# Australia - Kangaroo Collision!



## callpor (Jan 31, 2007)

I couldn't resist repeating an item from Dennis Bryant's maritime blog today:- 

The Australian Transport Safety Bureau (ATSB) issued a notice [located at http://www.atsb.gov.au/publications/investigation_reports/2015/aair/ao-2015-102.aspx] stating that it opened an investigation into a collision between an aircraft and a kangaroo on landing at Thangool Airport, Queensland on 1 September. The aircraft, a Fairchild SA227, suffered damage to its right engine and propeller. The kangaroo failed to file the required accident report. (9/1/15).
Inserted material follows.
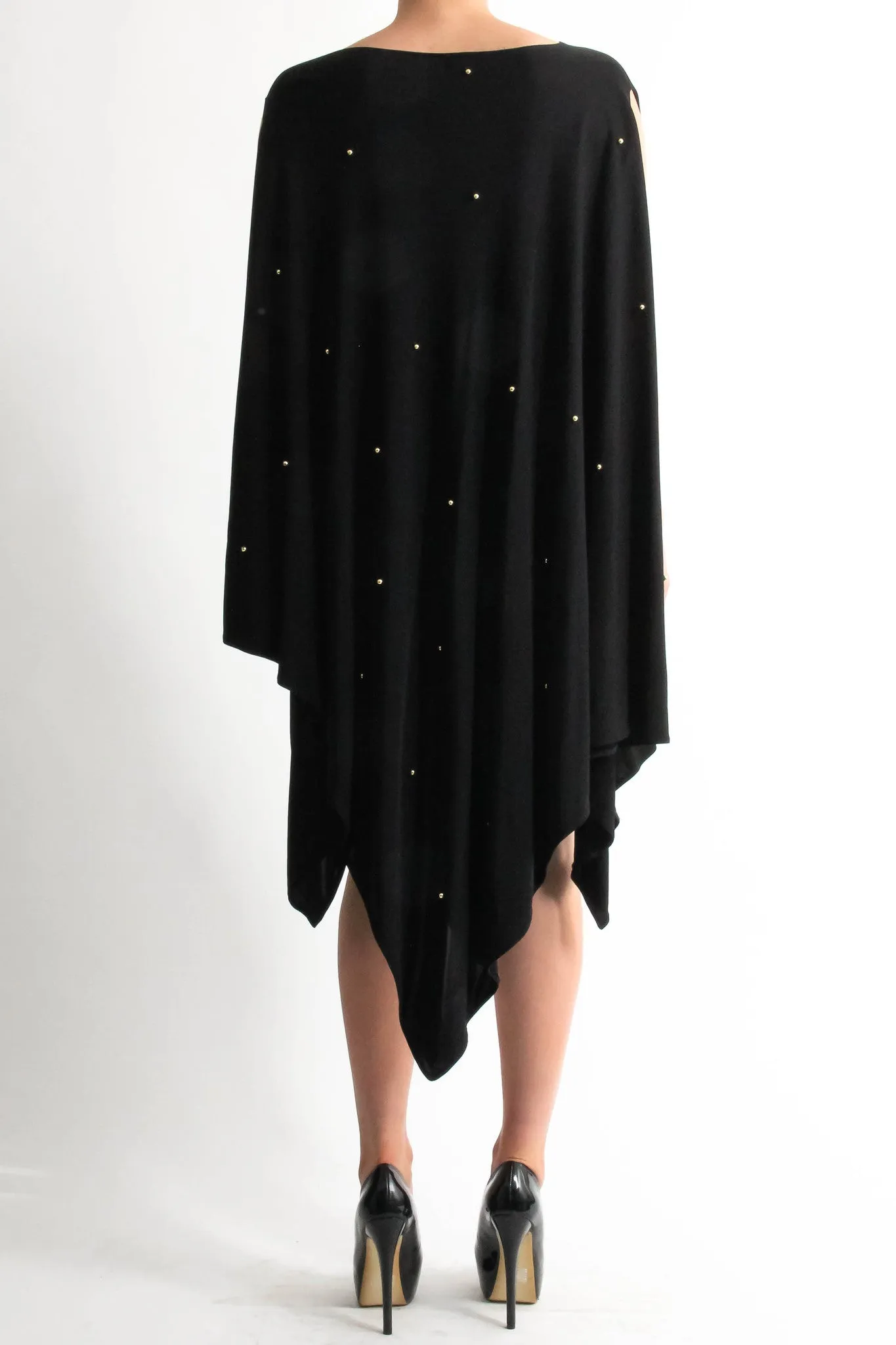 Oversized beaded black dress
Note: This item has no maritime component, but I couldn't resist including it.

Cheers, Chris


----------



## Dartskipper (Jan 16, 2015)

Will this case end up in a Kangaroo Court, we wonder?

Roy.


----------



## Dartskipper (Jan 16, 2015)

Or will the bounder get away?

Roy.


----------



## bluemoon (Jul 19, 2009)

I skipped this topic.


----------



## PeterY (Jun 24, 2008)

move on - hop too


----------



## Varley (Oct 1, 2006)

The collision should still be investigated by the MAIB.

That is, of course, the Marsupials Australian Investigation Branch.


----------



## Pete D Pirate (Jan 8, 2014)

Aw, don't be too hard on the poor fella...
He probably wasn't feeling too well after damaging the prop-blades on a Friendship.


----------



## YM-Mundrabilla (Mar 29, 2008)

It will still keep a dozen people employed at the ATSB for 18 months or more in establishing the cause of this incident and the mental state of the kangaroo.


----------